Ma quando Olya aprì la porta, vide che sparire i suoi asciugamani, la biancheria che avevano comprato da poco… persino i piatti erano stati gettati via.
— Serez… — sussurrò, guardando sgomenta. — Sono roba mia…
Serezha entrò furioso:
— Dobbiamo parlare. Qui c’è un limite.
Maria Olegovna lo accolse con orgoglio, visibilmente provata:
— Ti ho riportato in una casa pulita, — disse. — Adesso devi ringraziarmi.
— Ringraziare? Per cosa? — Serezha tremava di rabbia. — Per aver gettato via tutto? Per essere entrata senza avvertire e aver cambiato le nostre cose?
— Ho solo fatto ordine, — rispose lei, con voce ferma ma ferita. — Quelle pentole erano imbarazzanti, la tovaglia tutta macchiata, i tuoi vestiti in uno stato indecente. Ho eliminato ciò che rovinava il vostro vivere. L’ho fatto per il vostro bene!
— Chi te lo ha chiesto?! — quasi urlò Serezha. — Qui non c’era alcun problema! Noi decidiamo come vivere e cosa tenere!

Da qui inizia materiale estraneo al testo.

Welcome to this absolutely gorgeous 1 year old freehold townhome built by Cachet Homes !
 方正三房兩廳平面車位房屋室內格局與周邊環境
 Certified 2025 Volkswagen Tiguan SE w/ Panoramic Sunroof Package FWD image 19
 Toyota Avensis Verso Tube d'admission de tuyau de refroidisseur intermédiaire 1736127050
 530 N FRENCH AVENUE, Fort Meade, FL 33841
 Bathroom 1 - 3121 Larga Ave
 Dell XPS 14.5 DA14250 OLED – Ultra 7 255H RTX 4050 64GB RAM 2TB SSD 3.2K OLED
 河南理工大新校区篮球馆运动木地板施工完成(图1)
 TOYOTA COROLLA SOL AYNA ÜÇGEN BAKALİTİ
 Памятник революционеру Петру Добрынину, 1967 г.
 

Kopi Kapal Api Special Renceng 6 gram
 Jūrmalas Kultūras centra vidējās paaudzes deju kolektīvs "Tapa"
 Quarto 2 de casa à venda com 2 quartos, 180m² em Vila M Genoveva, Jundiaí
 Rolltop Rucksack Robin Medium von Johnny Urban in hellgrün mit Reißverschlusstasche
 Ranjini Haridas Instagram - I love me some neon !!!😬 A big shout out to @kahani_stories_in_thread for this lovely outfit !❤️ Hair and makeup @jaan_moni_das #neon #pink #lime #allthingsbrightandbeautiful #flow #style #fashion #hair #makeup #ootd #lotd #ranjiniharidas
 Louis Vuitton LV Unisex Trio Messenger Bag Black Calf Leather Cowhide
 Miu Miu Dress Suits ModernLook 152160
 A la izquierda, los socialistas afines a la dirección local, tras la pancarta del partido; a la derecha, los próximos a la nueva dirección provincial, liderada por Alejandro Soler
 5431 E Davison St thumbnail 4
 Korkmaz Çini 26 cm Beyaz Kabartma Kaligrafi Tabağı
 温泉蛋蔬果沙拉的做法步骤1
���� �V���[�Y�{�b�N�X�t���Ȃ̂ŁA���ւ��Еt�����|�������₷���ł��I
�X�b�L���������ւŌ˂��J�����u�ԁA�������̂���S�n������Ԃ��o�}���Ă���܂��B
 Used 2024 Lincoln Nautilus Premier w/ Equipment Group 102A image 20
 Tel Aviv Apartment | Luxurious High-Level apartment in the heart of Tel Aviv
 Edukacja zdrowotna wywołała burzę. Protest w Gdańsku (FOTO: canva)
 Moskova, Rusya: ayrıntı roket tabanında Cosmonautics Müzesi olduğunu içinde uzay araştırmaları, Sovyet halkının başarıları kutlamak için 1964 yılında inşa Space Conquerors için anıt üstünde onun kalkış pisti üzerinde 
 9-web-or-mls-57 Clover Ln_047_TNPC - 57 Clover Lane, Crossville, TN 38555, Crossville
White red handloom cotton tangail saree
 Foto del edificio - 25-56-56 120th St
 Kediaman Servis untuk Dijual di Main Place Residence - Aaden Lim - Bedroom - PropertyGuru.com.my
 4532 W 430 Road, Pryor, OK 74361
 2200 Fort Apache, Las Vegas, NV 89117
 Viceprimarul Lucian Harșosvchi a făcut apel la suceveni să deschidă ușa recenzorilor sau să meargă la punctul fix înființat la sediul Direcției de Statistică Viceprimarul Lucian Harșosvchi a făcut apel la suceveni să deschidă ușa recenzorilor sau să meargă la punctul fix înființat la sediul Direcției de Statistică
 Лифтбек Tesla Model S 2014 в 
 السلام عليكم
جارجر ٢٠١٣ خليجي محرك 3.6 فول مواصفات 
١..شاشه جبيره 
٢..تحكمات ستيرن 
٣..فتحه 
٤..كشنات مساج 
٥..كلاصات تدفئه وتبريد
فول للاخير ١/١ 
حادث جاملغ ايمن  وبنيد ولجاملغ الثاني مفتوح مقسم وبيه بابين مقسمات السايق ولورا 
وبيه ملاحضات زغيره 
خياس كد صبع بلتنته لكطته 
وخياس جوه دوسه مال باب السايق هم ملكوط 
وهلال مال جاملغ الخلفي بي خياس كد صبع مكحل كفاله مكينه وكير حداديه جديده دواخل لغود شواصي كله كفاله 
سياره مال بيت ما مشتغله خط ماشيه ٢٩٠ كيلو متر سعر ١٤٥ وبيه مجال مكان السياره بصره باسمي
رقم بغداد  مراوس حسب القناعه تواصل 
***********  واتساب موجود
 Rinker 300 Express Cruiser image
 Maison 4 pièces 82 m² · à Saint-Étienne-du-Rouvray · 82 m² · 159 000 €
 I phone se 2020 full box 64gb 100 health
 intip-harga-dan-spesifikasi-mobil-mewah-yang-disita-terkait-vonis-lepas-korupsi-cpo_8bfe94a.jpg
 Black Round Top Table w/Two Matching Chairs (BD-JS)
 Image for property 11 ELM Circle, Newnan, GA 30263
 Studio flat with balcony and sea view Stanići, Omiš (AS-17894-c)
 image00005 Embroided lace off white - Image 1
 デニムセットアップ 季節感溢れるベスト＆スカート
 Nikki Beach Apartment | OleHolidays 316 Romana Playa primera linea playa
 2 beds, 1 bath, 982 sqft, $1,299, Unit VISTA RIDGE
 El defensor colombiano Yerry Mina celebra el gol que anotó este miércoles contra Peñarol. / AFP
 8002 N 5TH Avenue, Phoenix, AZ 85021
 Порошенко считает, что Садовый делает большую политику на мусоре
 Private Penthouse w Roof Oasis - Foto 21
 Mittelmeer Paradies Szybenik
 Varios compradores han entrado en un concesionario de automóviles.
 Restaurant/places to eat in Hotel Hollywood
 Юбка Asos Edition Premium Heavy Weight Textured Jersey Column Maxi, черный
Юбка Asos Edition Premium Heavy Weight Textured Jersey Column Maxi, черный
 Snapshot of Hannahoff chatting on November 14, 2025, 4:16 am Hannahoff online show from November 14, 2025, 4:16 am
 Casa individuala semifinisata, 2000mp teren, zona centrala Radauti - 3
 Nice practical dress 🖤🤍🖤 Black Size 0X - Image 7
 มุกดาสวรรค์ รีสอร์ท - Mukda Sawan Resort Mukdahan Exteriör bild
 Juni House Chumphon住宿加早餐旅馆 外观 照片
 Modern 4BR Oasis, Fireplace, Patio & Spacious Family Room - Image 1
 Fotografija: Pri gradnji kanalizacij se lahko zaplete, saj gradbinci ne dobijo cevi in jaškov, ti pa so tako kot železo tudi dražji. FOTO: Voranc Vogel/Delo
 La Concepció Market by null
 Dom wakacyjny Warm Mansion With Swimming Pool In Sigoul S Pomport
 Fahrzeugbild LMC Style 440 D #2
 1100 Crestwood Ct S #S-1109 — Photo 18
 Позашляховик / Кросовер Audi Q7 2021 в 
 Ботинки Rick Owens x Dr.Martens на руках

Olya sbirciava dal corridoio, serrando i pugni. Sapeva che non era né il primo né l’ultimo scontro.
Maria Olegovna raccolse in fretta le sue cose, senza aggiungere una parola. Lasciò le chiavi sul comò:
— Fate come volete, — disse. — Non vi darò più lezioni.
Né lei né Serezha si fecero più sentire per un po’. E quel giorno segnò l’inizio di una nuova guerra: tra due donne e due visioni opposte della vita.